[[ Data block open ]]
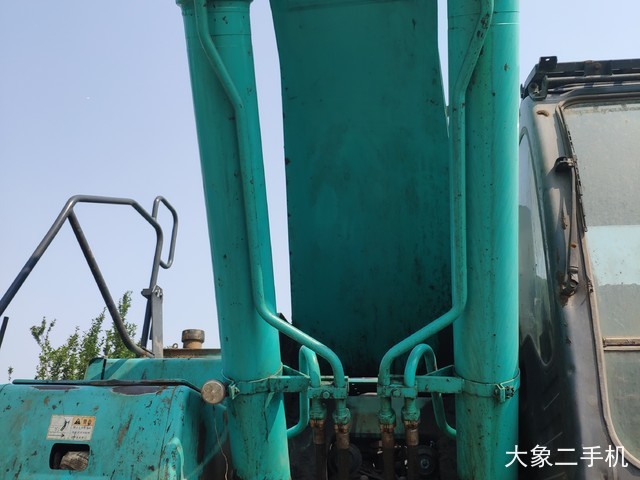 神钢 SK460-8 挖掘机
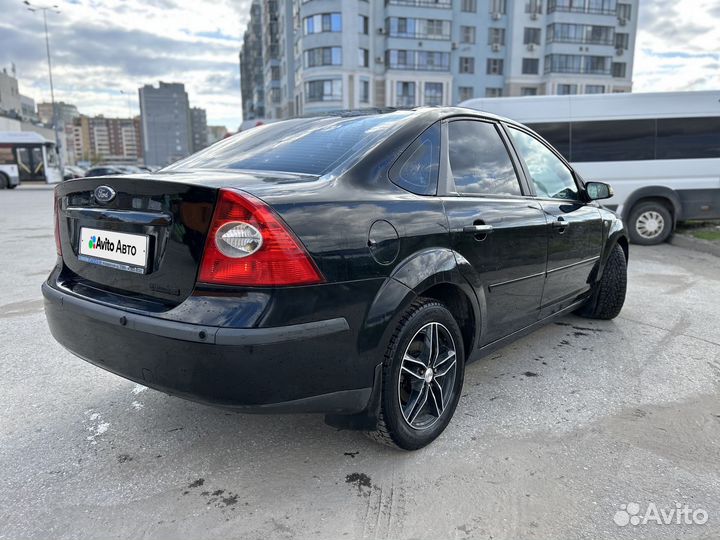 Ford Focus 2.0 AT, 2007, 231 742 км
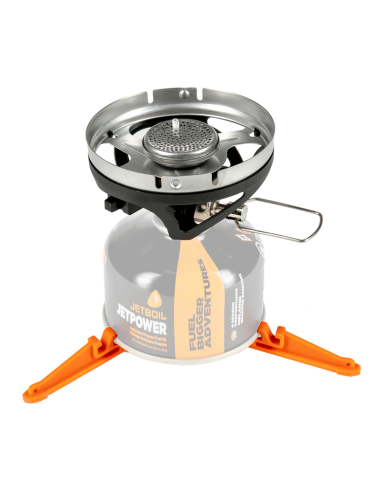 MicroMo cooking system 0,8L (Carbon) - JetBoil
[[ Data block closed ]]
▸ Activity: Please print the entire listing again exactly, minus its images.

▸ Task response:
 神钢 SK460-8 挖掘机
 Ford Focus 2.0 AT, 2007, 231 742 км
 MicroMo cooking system 0,8L (Carbon) - JetBoil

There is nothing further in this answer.